* Problem *
Under this line is a listing; return exactly the lines starting at the one with "Apartamento T5 para" and running down to the one with "5 bedroom, 4", and leave out its pictures.

* Material for this exercise *
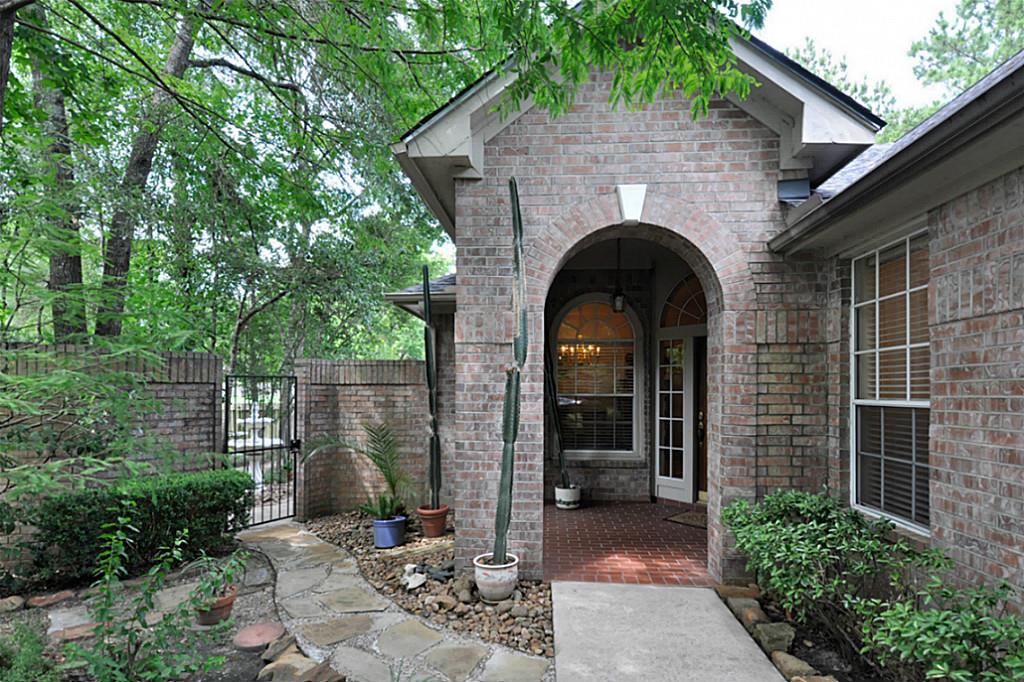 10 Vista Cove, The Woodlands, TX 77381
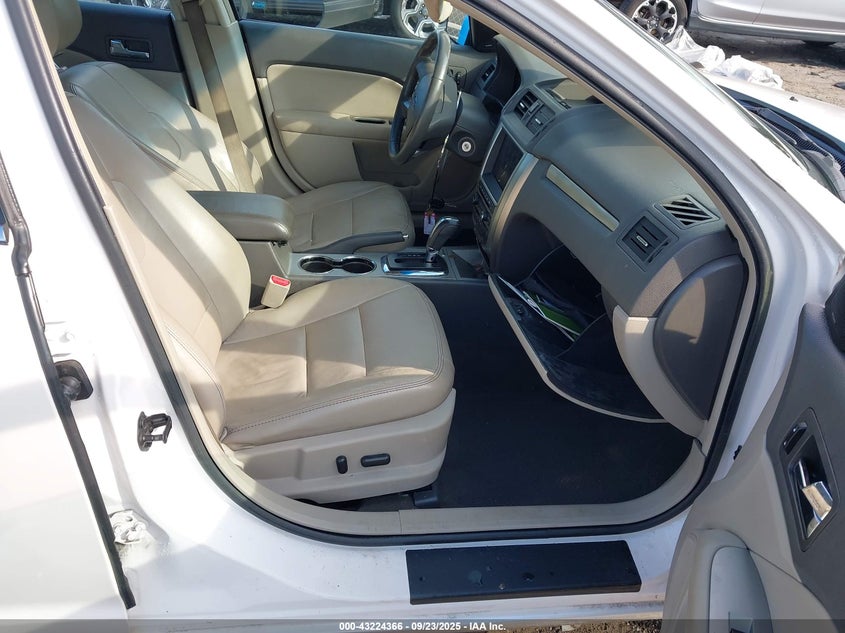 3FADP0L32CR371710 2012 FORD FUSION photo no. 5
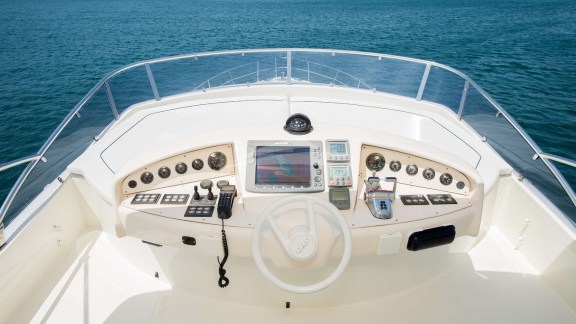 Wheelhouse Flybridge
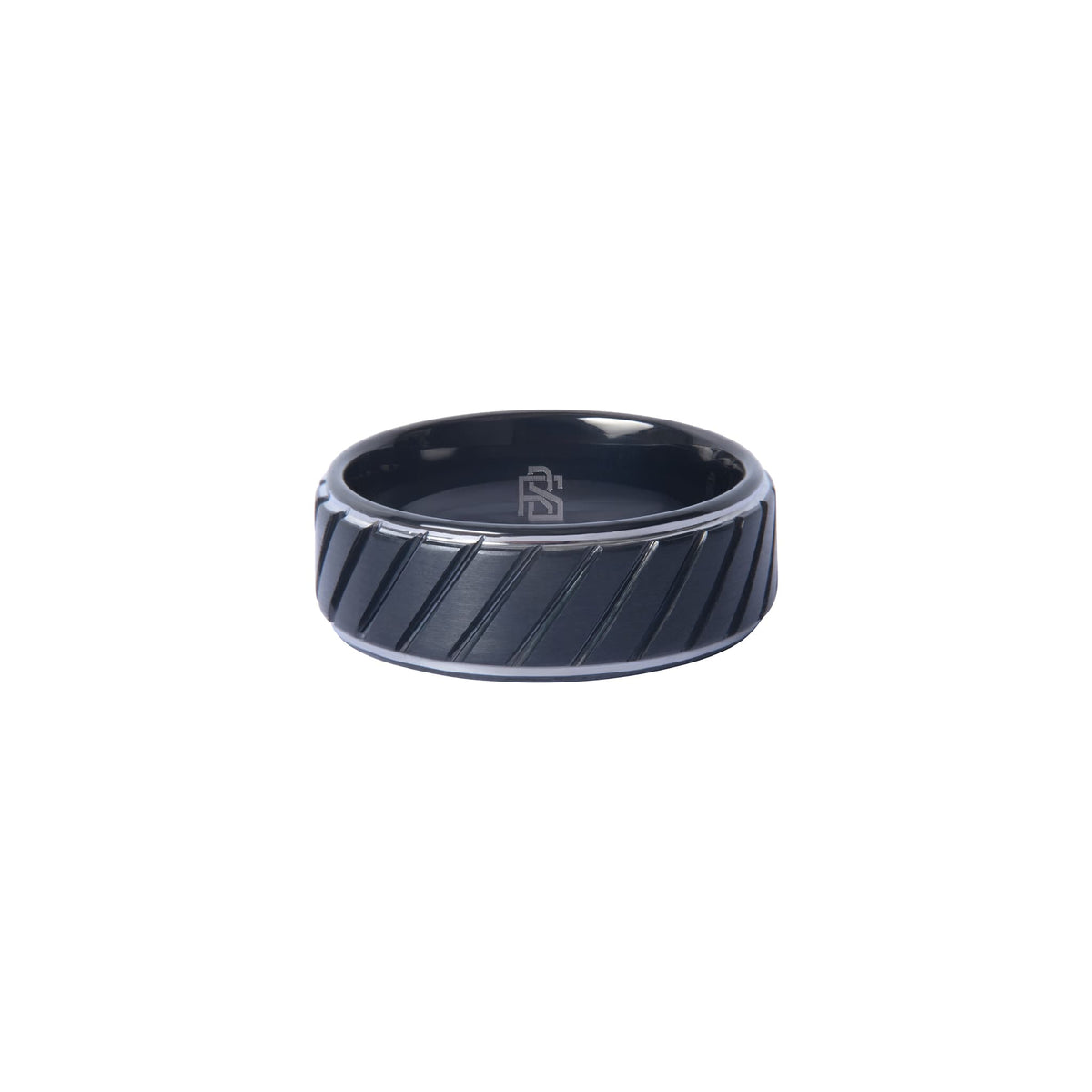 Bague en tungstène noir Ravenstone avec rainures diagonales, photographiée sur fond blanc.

...

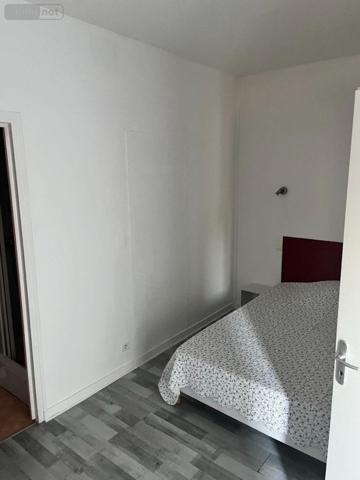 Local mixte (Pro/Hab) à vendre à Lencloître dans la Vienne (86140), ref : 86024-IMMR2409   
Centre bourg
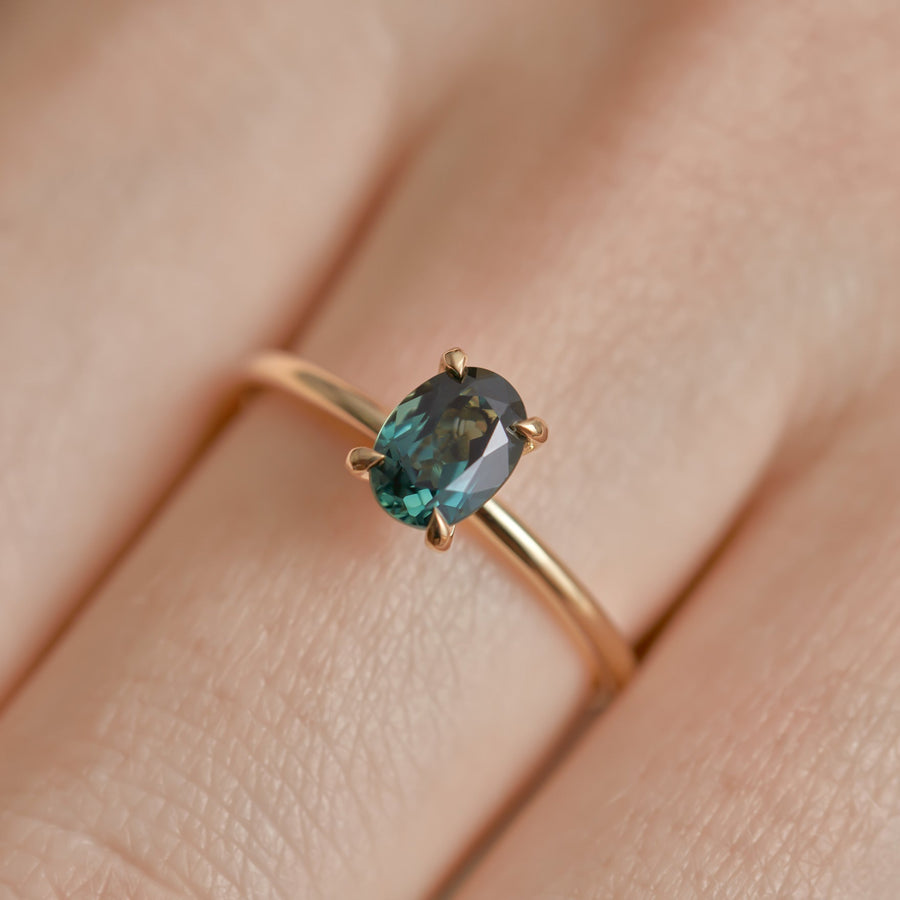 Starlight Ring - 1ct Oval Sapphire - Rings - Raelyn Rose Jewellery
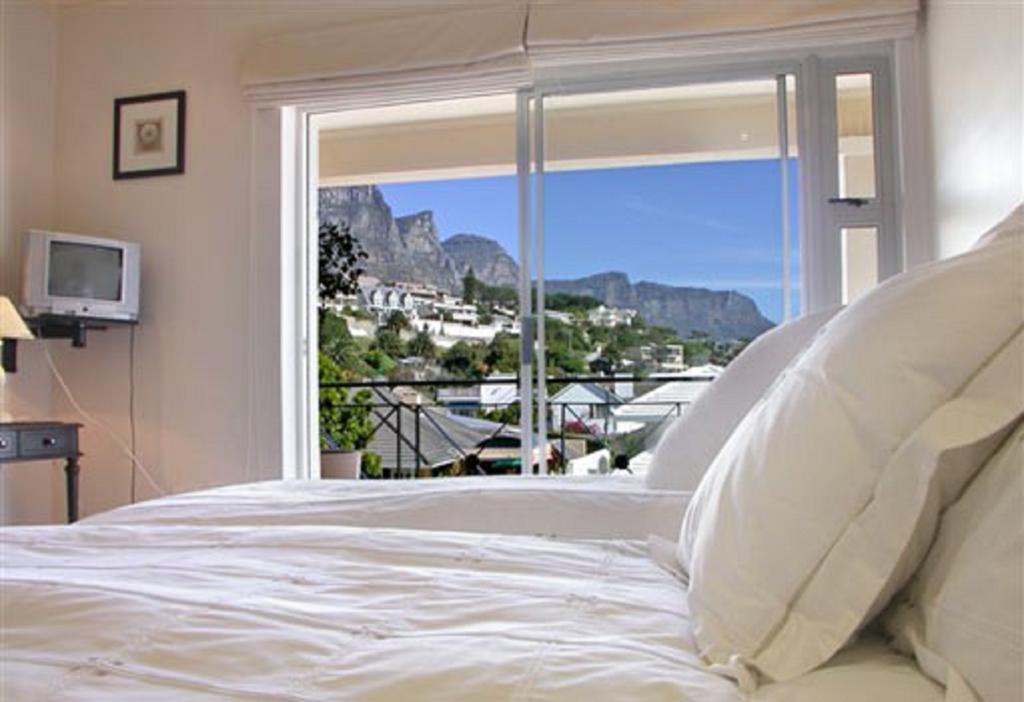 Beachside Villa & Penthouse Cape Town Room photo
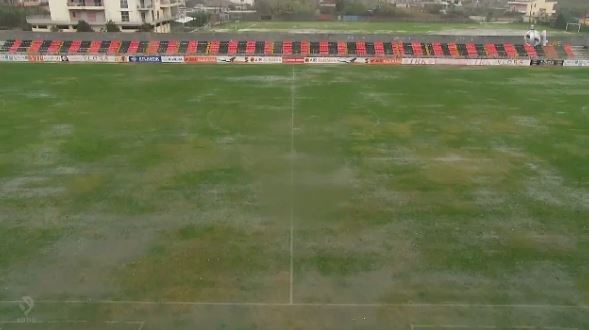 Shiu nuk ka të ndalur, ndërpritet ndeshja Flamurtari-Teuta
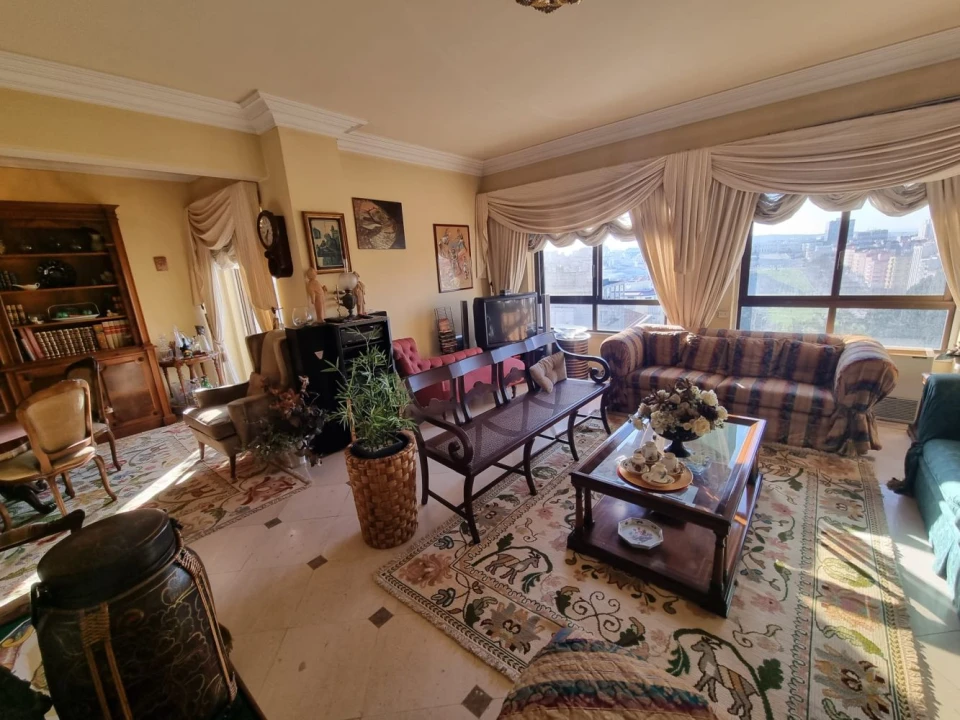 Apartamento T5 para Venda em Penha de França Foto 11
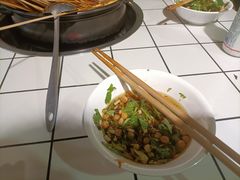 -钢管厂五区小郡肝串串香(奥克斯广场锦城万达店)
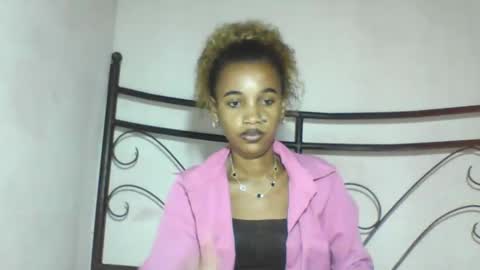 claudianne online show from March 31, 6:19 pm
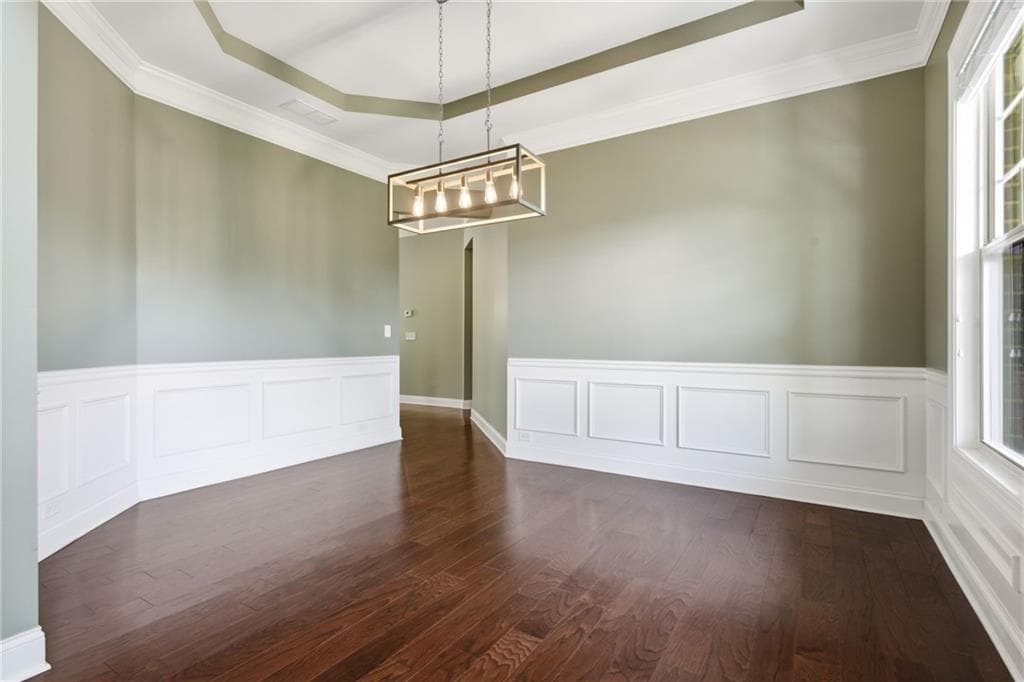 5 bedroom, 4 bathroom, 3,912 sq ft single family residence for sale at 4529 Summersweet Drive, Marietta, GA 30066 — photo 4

* Reply *
 Apartamento T5 para Venda em Penha de França Foto 11
 -钢管厂五区小郡肝串串香(奥克斯广场锦城万达店)
 claudianne online show from March 31, 6:19 pm
 5 bedroom, 4 bathroom, 3,912 sq ft single family residence for sale at 4529 Summersweet Drive, Marietta, GA 30066 — photo 4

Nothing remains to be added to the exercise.